StarRocks / starrocks

StarRocks, a Linux Foundation project, is a next-generation sub-second MPP OLAP database for full analytics scenarios, including multi-dimensional analytics, real-time analytics, and ad-hoc queries.
https://starrocks.io
Apache License 2.0
8.29k stars 1.68k forks source link

starrocks pipeline connector date format bug #37506

Open dickson-bit opened 6 months ago

dickson-bit commented 6 months ago

component: flink-cdc-pipeline-starrocks

code: https://github.com/ververica/flink-cdc-connectors/blob/master/flink-cdc-connect/flink-cdc-pipeline-connectors/flink-cdc-pipeline-connector-starrocks/src/main/java/com/ververica/cdc/connectors/starrocks/sink/StarRocksUtils.java#L115

Flink version 1.18

Flink CDC version 3.0.0

Database and its version starrocks 3.2.0

Minimal reproduce step sync some tables from mysql to starrocks, which have date type fields.

What did you expect to see? log the error data info, continue to process the next record.

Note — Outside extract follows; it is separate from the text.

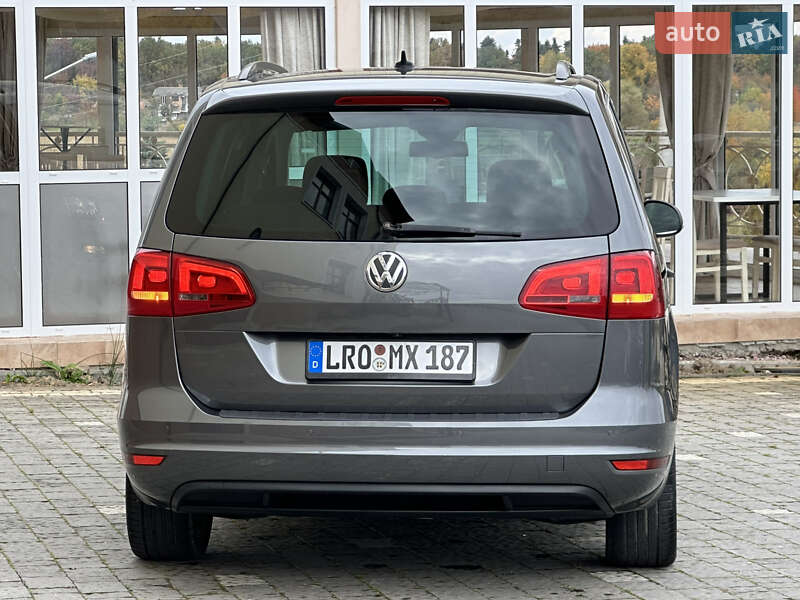 Минивэн Volkswagen Sharan 2015 в Дрогобыче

023-12-21 11:11:09,599 WARN org.apache.flink.runtime.taskmanager.Task [] - PostPartition -> Sink Writer: StarRocks Sink -> Sink Committer: StarRocks Sink (2/2)#0 (57480a1a94083a09b2fd3ddb06db45e4_0deb1b26a3d9eb3c8f0c11f7110b2903_1_0) switched from RUNNING to FAILED with failure cause: java.lang.ArrayIndexOutOfBoundsException: 35 at sun.util.calendar.BaseCalendar.getCalendarDateFromFixedDate(BaseCalendar.java:453) ~[?:1.8.0_372] at java.util.GregorianCalendar.computeFields(GregorianCalendar.java:2393) ~[?:1.8.0_372] at java.util.GregorianCalendar.computeFields(GregorianCalendar.java:2308) ~[?:1.8.0_372] at java.util.Calendar.setTimeInMillis(Calendar.java:1804) ~[?:1.8.0_372] at java.util.Calendar.setTime(Calendar.java:1770) ~[?:1.8.0_372] at java.text.SimpleDateFormat.format(SimpleDateFormat.java:943) ~[?:1.8.0_372] at java.text.SimpleDateFormat.format(SimpleDateFormat.java:936) ~[?:1.8.0_372] at java.text.DateFormat.format(DateFormat.java:345) ~[?:1.8.0_372] at com.ververica.cdc.connectors.starrocks.sink.StarRocksUtils.lambda$createFieldGetter$60c5a152$9(StarRocksUtils.java:171) ~[flink-cdc-pipeline-connector-starrocks-3.0.0.jar:3.0.0] at com.ververica.cdc.connectors.starrocks.sink.StarRocksUtils.lambda$createFieldGetter$21edff26$1(StarRocksUtils.java:204) ~[flink-cdc-pipeline-connector-starrocks-3.0.0.jar:3.0.0] at com.ververica.cdc.connectors.starrocks.sink.EventRecordSerializationSchema.serializeRecord(EventRecordSerializationSchema.java:134) ~[flink-cdc-pipeline-connector-starrocks-3.0.0.jar:3.0.0] at com.ververica.cdc.connectors.starrocks.sink.EventRecordSerializationSchema.applyDataChangeEvent(EventRecordSerializationSchema.java:116) ~[flink-cdc-pipeline-connector-starrocks-3.0.0.jar:3.0.0] at com.ververica.cdc.connectors.starrocks.sink.EventRecordSerializationSchema.serialize(EventRecordSerializationSchema.java:78) ~[flink-cdc-pipeline-connector-starrocks-3.0.0.jar:3.0.0] at com.ververica.cdc.connectors.starrocks.sink.EventRecordSerializationSchema.serialize(EventRecordSerializationSchema.java:45) ~[flink-cdc-pipeline-connector-starrocks-3.0.0.jar:3.0.0] at com.starrocks.connector.flink.table.sink.v2.StarRocksWriter.write(StarRocksWriter.java:139) ~[flink-cdc-pipeline-connector-starrocks-3.0.0.jar:3.0.0] at org.apache.flink.streaming.runtime.operators.sink.SinkWriterOperator.processElement(SinkWriterOperator.java:161) ~[flink-dist-1.18.0.jar:1.18.0] image

dickson-bit commented 6 months ago

image I don't know why do we use DATETIME_FORMATTER and DATE_FORMATER, two format class。

dickson-bit commented 6 months ago

there are some null and unreguler date value in my data

github-actions[bot] commented 1 week ago

We have marked this issue as stale because it has been inactive for 6 months. If this issue is still relevant, removing the stale label or adding a comment will keep it active. Otherwise, we'll close it in 10 days to keep the issue queue tidy. Thank you for your contribution to StarRocks!